>>>

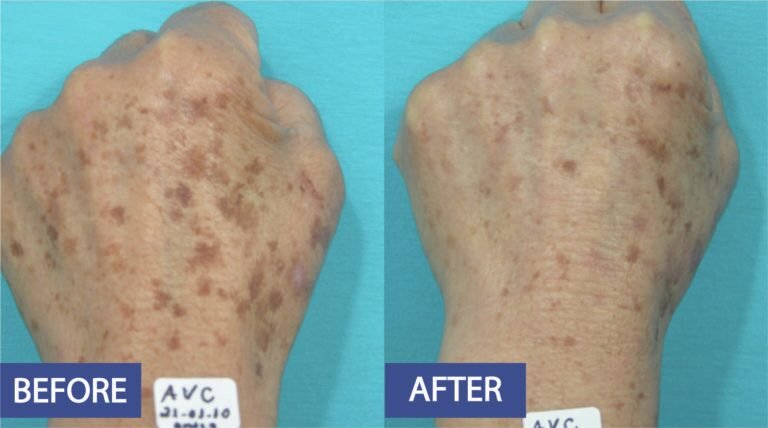 Pigmentation correction before and after: dense sun spots across the back of the hand cleared, before on the left and after on the right
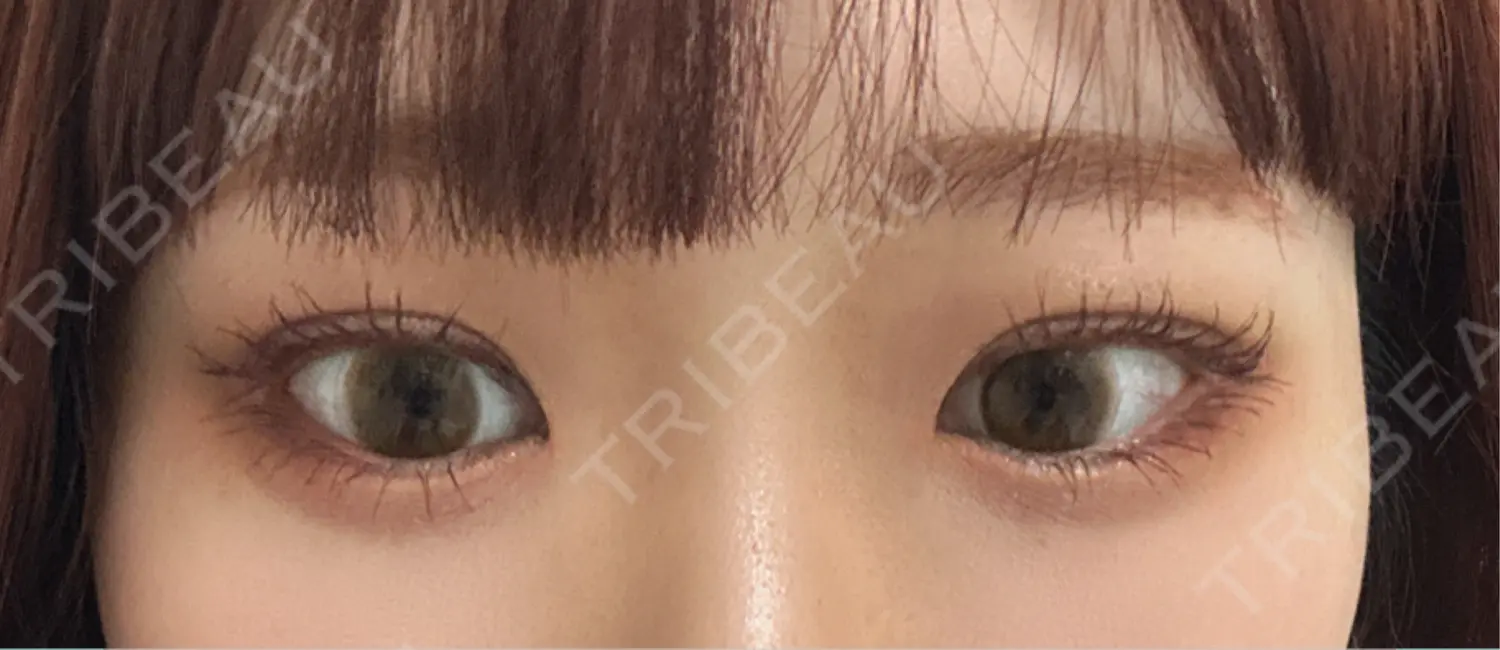 施術後の写真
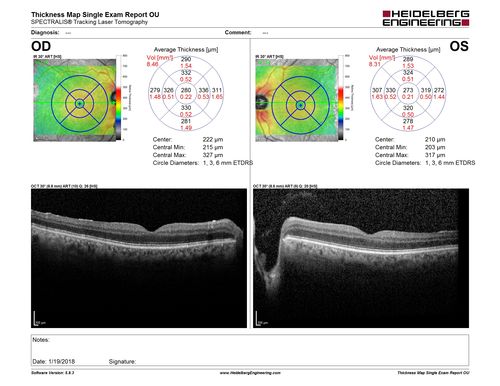 Toxic Optic Neuropathy - Ethambutol
15 months of Ethambutol with rapid vision loss OU.  VA 20/100 OD (post cataract sugery ) 20/200 OS with dense cataract.  There is temporal RNFL loss in both eyes
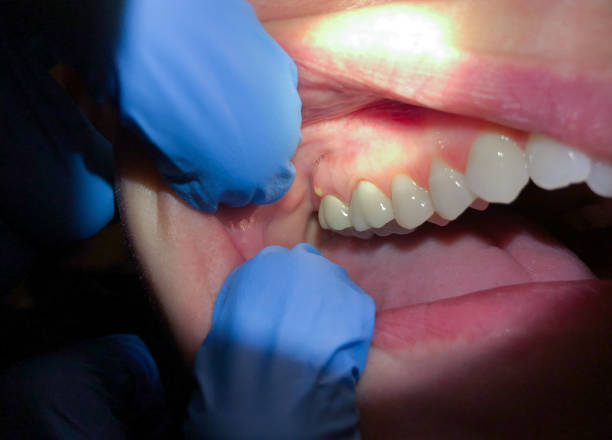 Best Emergency Treatment for Dental Infections or Abscesses in Curtice, OH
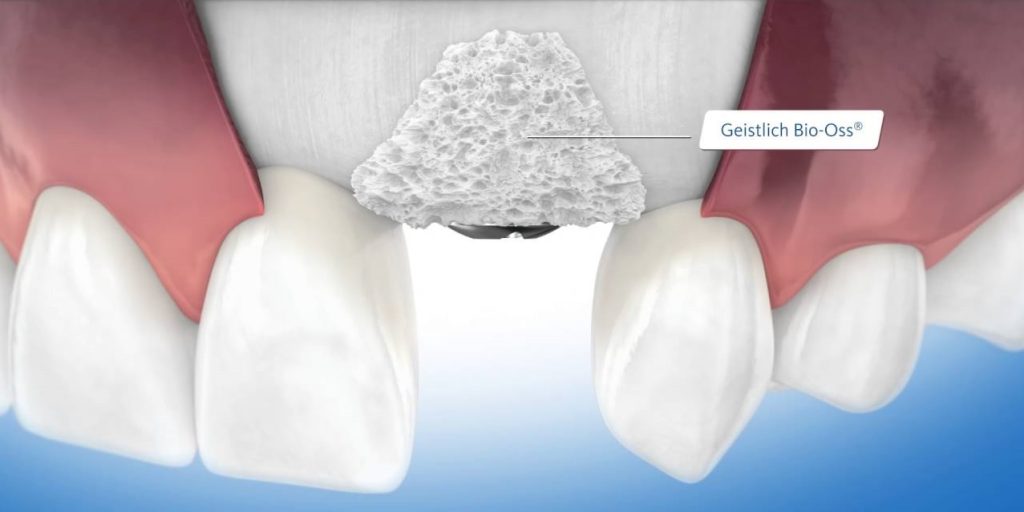 Problemas implantes dentales - Injerto de hueso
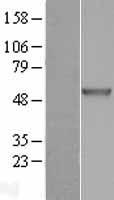 CHIT1 Human Over-expression Lysate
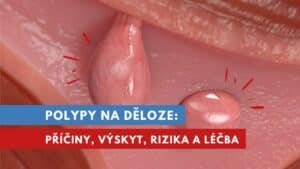 polypy v děloze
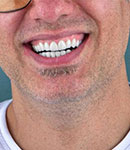 زیباسازی و اصلاح خط لبخند در دندانپزشکی مهر پارسه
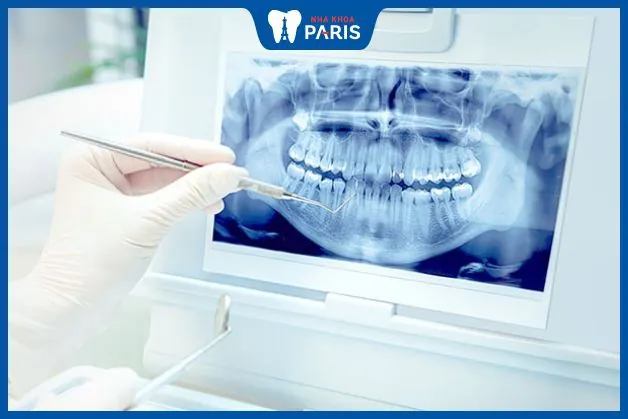 Chẩn đoán viêm tủy răng thông qua hình ảnh X-quang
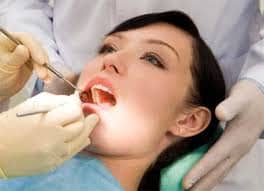 dental implants 22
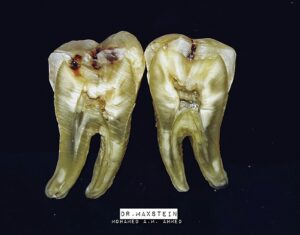 tooth in Arabic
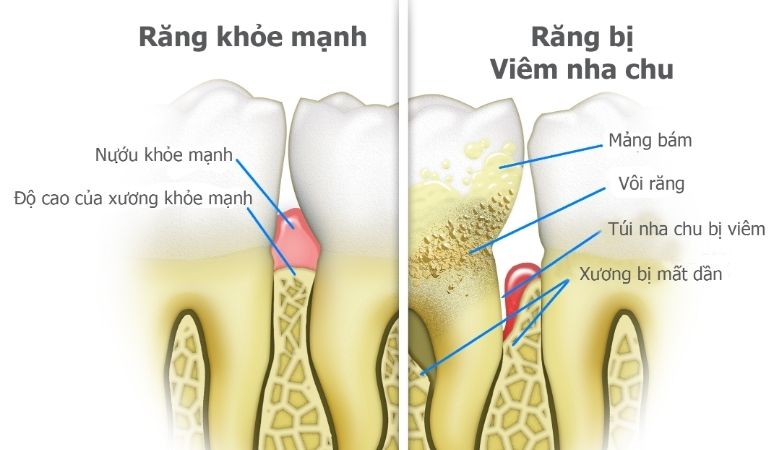 Trong trường hợp viêm nha chu nặng, phẫu thuật như ghép nướu hoặc tái tạo xương có thể được chỉ định
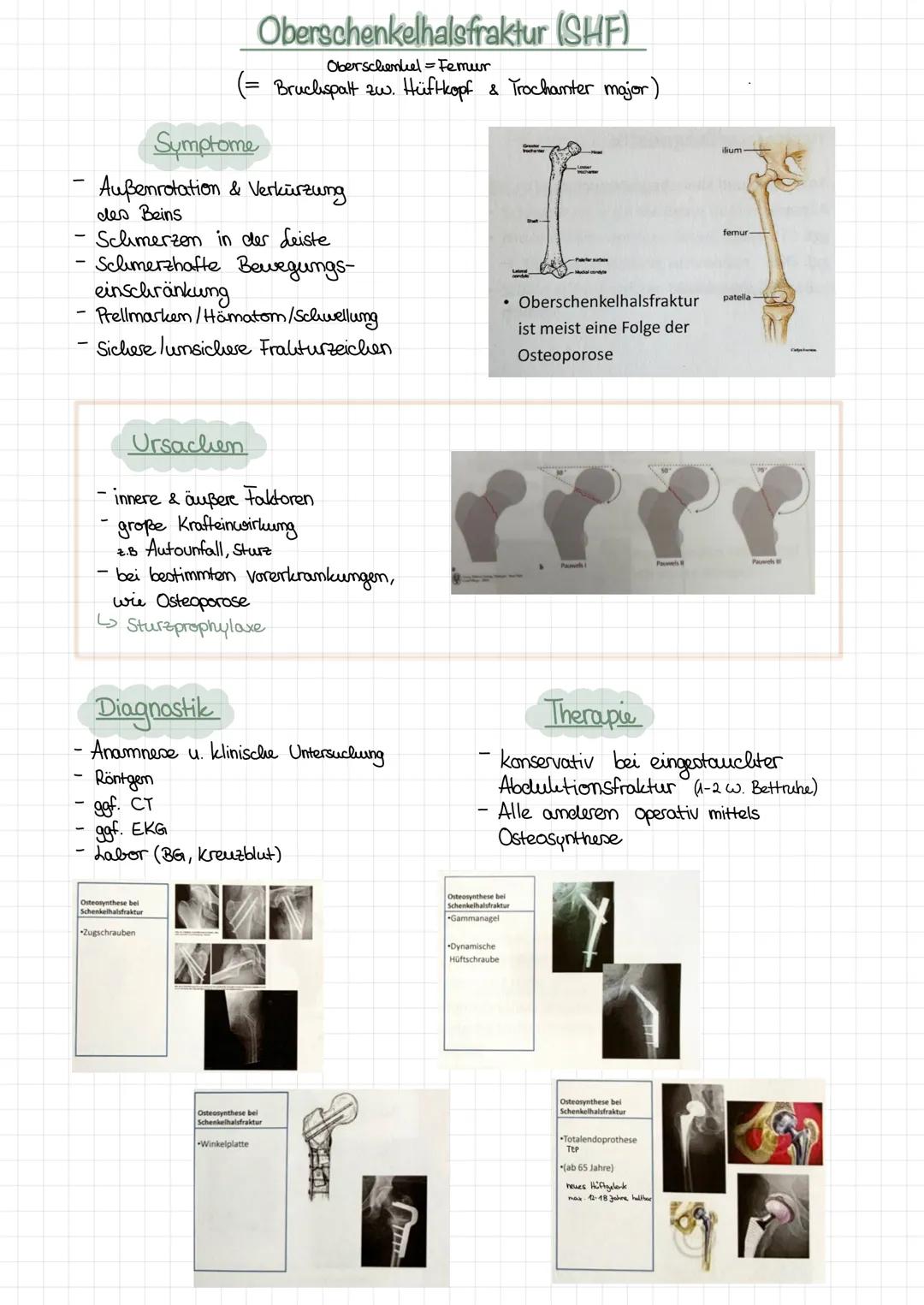 Oberschenkelhalsfraktur
(SHF)
Oberschenkel-Femur
(= Bruchspalt zw. Hüftkopf & Trochanter major)
Symptome
Außenrotation & Verkürzung
des Bein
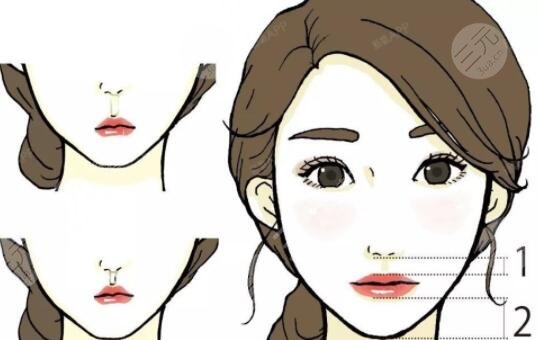 北京張曼醫(yī)生人中縮短手術(shù)之后有哪些注意事項(xiàng)呢?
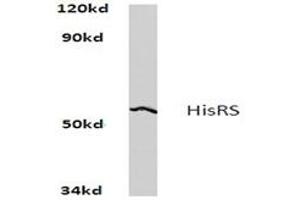 Image no. 1 for anti-Histidyl-tRNA Synthetase (HARS1) antibody (ABIN272164) (HARS1/Jo-1 Antikörper)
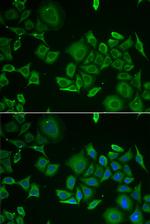 C1D Polyclonal Antibody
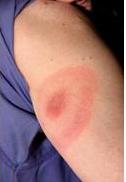 Image of the bull's eye Rash at tick bite site.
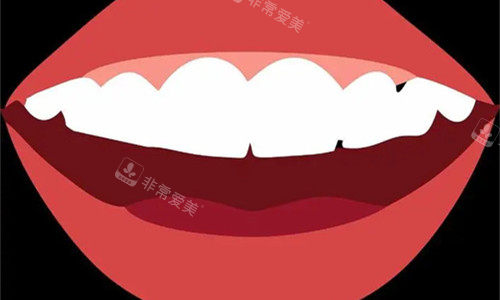 牙齿整齐卡通图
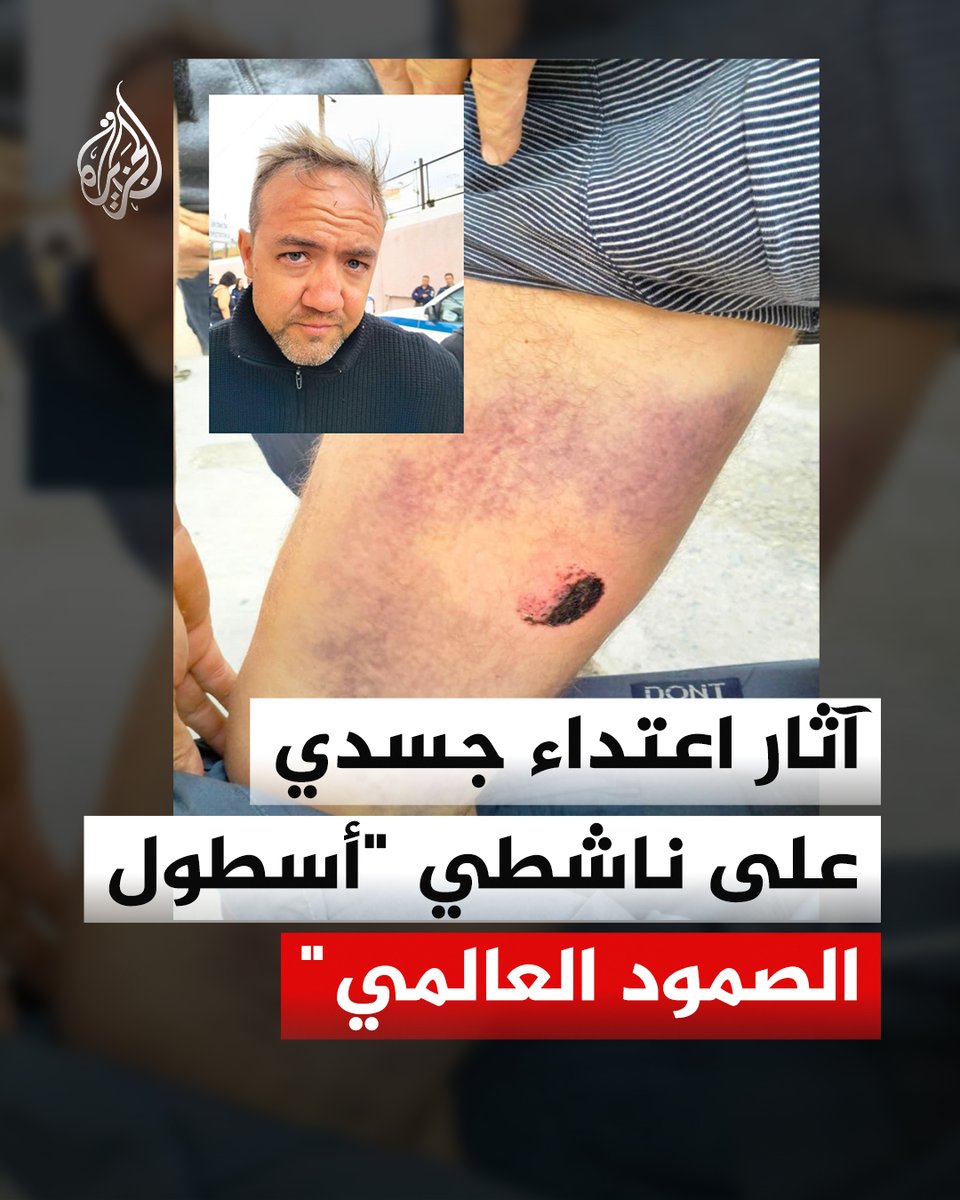 AJArabic's tweet image. ندبات وجروح وكدمات.. "أسطول الصمود العالمي" يندّد بالاعتداء الوحشي على ناشطيه في المياه اليونانية، ويحمّل سلطات أثينا والقوات الإسرائيلية مسؤولية سلامتهم
#ألبوم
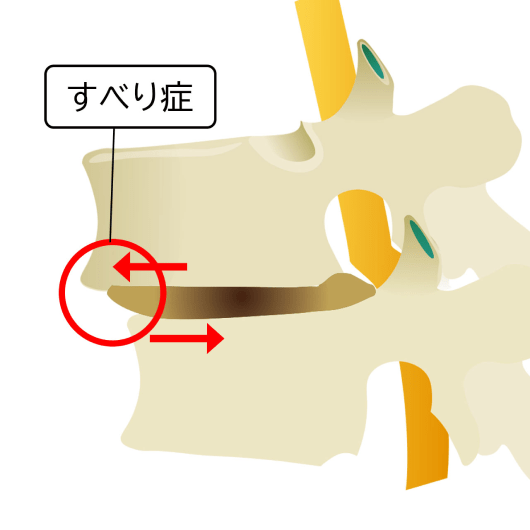 すべり症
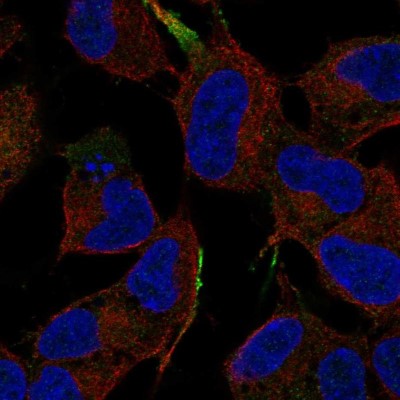 Immunocytochemistry/Immunofluorescence: JIP1 Antibody [NBP2-56324] - Staining of human cell line SH-SY5Y shows localization to plasma membrane.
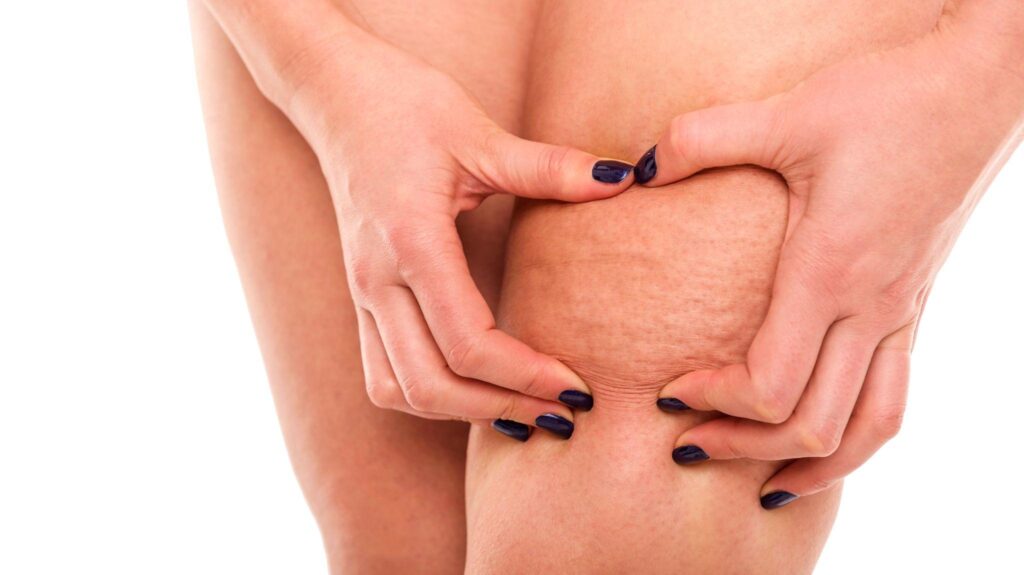 蜂窩組織炎檢查、治療費用幾錢？自願醫保包唔包？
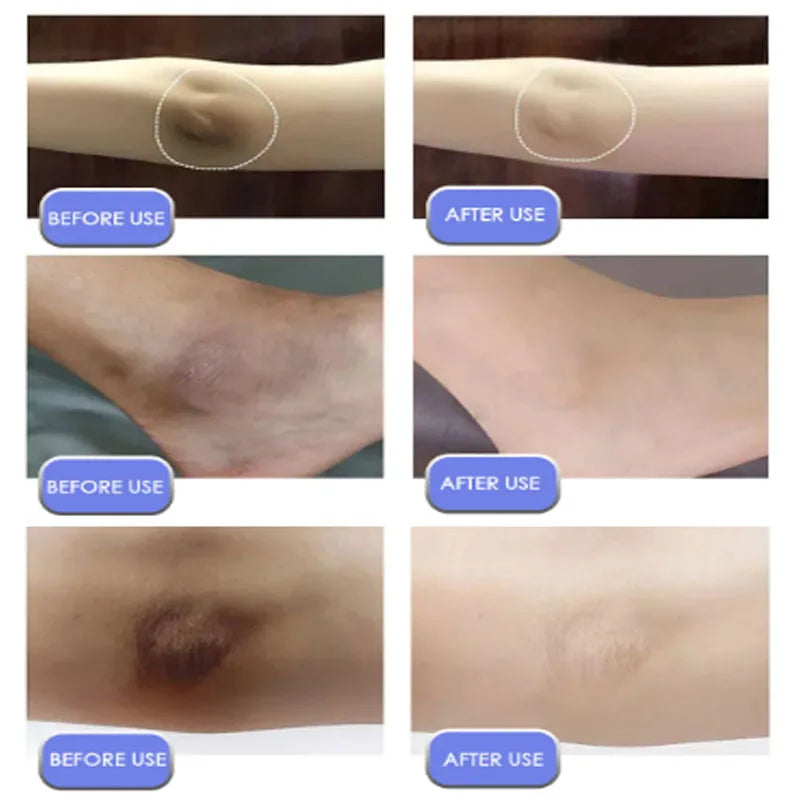 Body Whitening Cream For Dark Skin Intimate Area Pink Essence Dullness Brighten Skin Whitener Beauty Health For Dropshipping 20g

<<<

_Your task_
Would you reproduce the lines above, from the very first through the line containing "Immunocytochemistry/Immunofluorescence: JIP1 Antibody", exactly and without the pictures?

_Solution to the problem_
 Pigmentation correction before and after: dense sun spots across the back of the hand cleared, before on the left and after on the right
 施術後の写真
 Toxic Optic Neuropathy - Ethambutol
15 months of Ethambutol with rapid vision loss OU.  VA 20/100 OD (post cataract sugery ) 20/200 OS with dense cataract.  There is temporal RNFL loss in both eyes
 Best Emergency Treatment for Dental Infections or Abscesses in Curtice, OH
 Problemas implantes dentales - Injerto de hueso
 CHIT1 Human Over-expression Lysate
 polypy v děloze
 زیباسازی و اصلاح خط لبخند در دندانپزشکی مهر پارسه
 Chẩn đoán viêm tủy răng thông qua hình ảnh X-quang
 dental implants 22
 tooth in Arabic
 Trong trường hợp viêm nha chu nặng, phẫu thuật như ghép nướu hoặc tái tạo xương có thể được chỉ định
 Oberschenkelhalsfraktur
(SHF)
Oberschenkel-Femur
(= Bruchspalt zw. Hüftkopf & Trochanter major)
Symptome
Außenrotation & Verkürzung
des Bein
 北京張曼醫(yī)生人中縮短手術(shù)之后有哪些注意事項(xiàng)呢?
 Image no. 1 for anti-Histidyl-tRNA Synthetase (HARS1) antibody (ABIN272164) (HARS1/Jo-1 Antikörper)
 C1D Polyclonal Antibody
 Image of the bull's eye Rash at tick bite site.
 牙齿整齐卡通图
 AJArabic's tweet image. ندبات وجروح وكدمات.. "أسطول الصمود العالمي" يندّد بالاعتداء الوحشي على ناشطيه في المياه اليونانية، ويحمّل سلطات أثينا والقوات الإسرائيلية مسؤولية سلامتهم
#ألبوم
 すべり症
 Immunocytochemistry/Immunofluorescence: JIP1 Antibody [NBP2-56324] - Staining of human cell line SH-SY5Y shows localization to plasma membrane.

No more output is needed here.